Exclu des chaires officielles, il continua de prêcher dans des salles mises à sa disposition, en particulier dans la salle Saint-André, près de la Chaussée d'Antin. Les discours et conférences qu'il prononça pendant le siège de Paris ont été publiés en un volume : Libres paroles d'un assiégé (1871). Il a été sûrement un des maîtres de l'éloquence de la chaire, possédant une langue d'une rare pureté, sachant allier le naturel et l'humour à une fougue entraînante. La liste de ses sermons publiés est trop longue pour être donnée ici. Il en a publié deux recueils en 1855 et 1858 : Serinons et homélies. Il est à regretter que la plupart de ses prédications imprimées n'existent qu'en brochures séparées. Citons : Élan vers Dieu (1862), la Charité sans peur (1866). Quelle était la religion de Jésus ? (7 discours, 1873). On lui doit, en dehors de ses oeuvres oratoires, plusieurs livres importants : Des Beaux-Arts en Italie au point de vue religieux (1857); - Rembrandt et l'individualisme dans l'art (1869) ; - Henri Regnault et soit oeuvre (1872); - Précis de l'Histoire de l'Église réformée de Paris (1862); - Jean Calas et sa famille (1858 ; 2e éd . augmentée, 1865 ; 31 éd. refondue, 1869), qui est peut-être le travail définitif sur ce drame du dix-huitième siècle. Des articles dispersés ici ou là ont été réunis en un volume: Libres éludes (1868). - Consulter : Athanase Coquerel fils; étude biographique par Ernest Stroehlin.
UNE SAINTE FAMILLE (1)
Aux yeux de Rembrandt, tout ce qui est conventionnel ou factice manque de sérieux. Il prend les choses divines par le côté le plus naturel et le plus humain.
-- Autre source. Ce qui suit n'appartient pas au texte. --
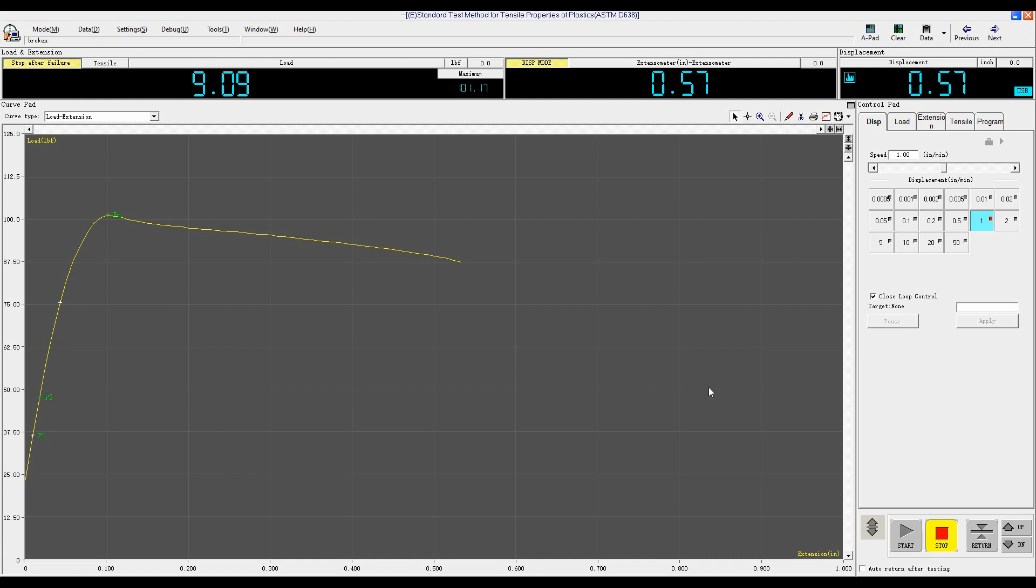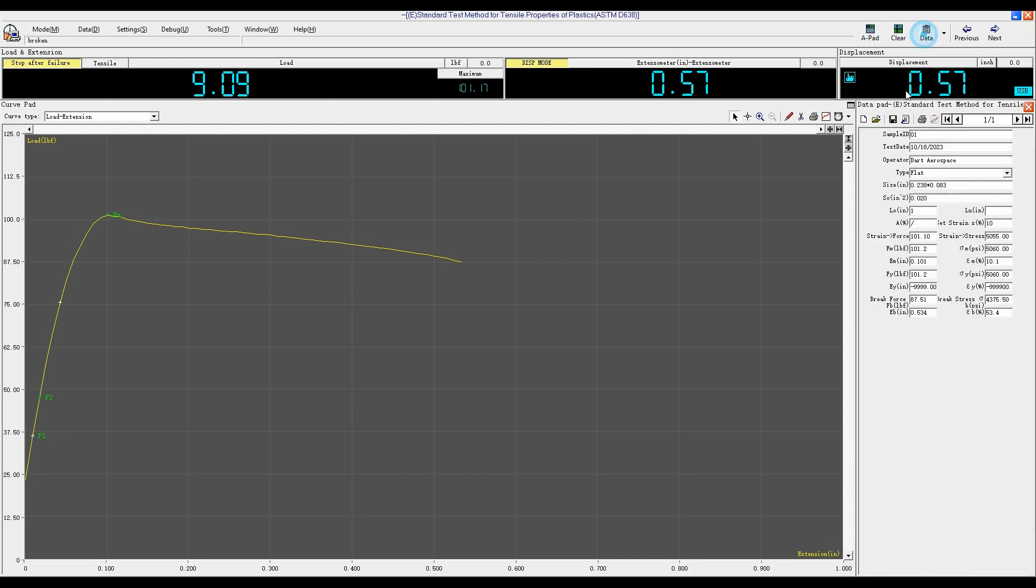The sample breaks, the software auto-stops, then click Addit to check the test result.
Quand il veut représenter un patriarche, un apôtre, où va-t-il chercher des modèles ? Il se rappelait alors que ces personnages de la Bible étaient des Israélites, il lui arrivait souvent de parcourir les plus tristes, les plus étroites rues du quartier juif qu'il habitait, et quand, dans quelque coin, il rencontrait une figure israélite, bien caractéristique, bien énergique, immédiatement il la prenait pour modèle de son patriarche ou de son apôtre, sans chercher à lui donner un caractère officiel ou sacerdotal.
Qu'étaient-ce en effet que les apôtres ? Des pécheurs comme on en voyait partout sur les rives du Zuyderzée ou sur le port d'Amsterdam. Ce n'étaient pas de hauts personnages, mais des gens du peuple, des hommes simples, et voilà pourquoi Rembrandt fuyait avec un mépris souverain l'affectation d'élégance et de noblesse avec laquelle on les représentait souvent.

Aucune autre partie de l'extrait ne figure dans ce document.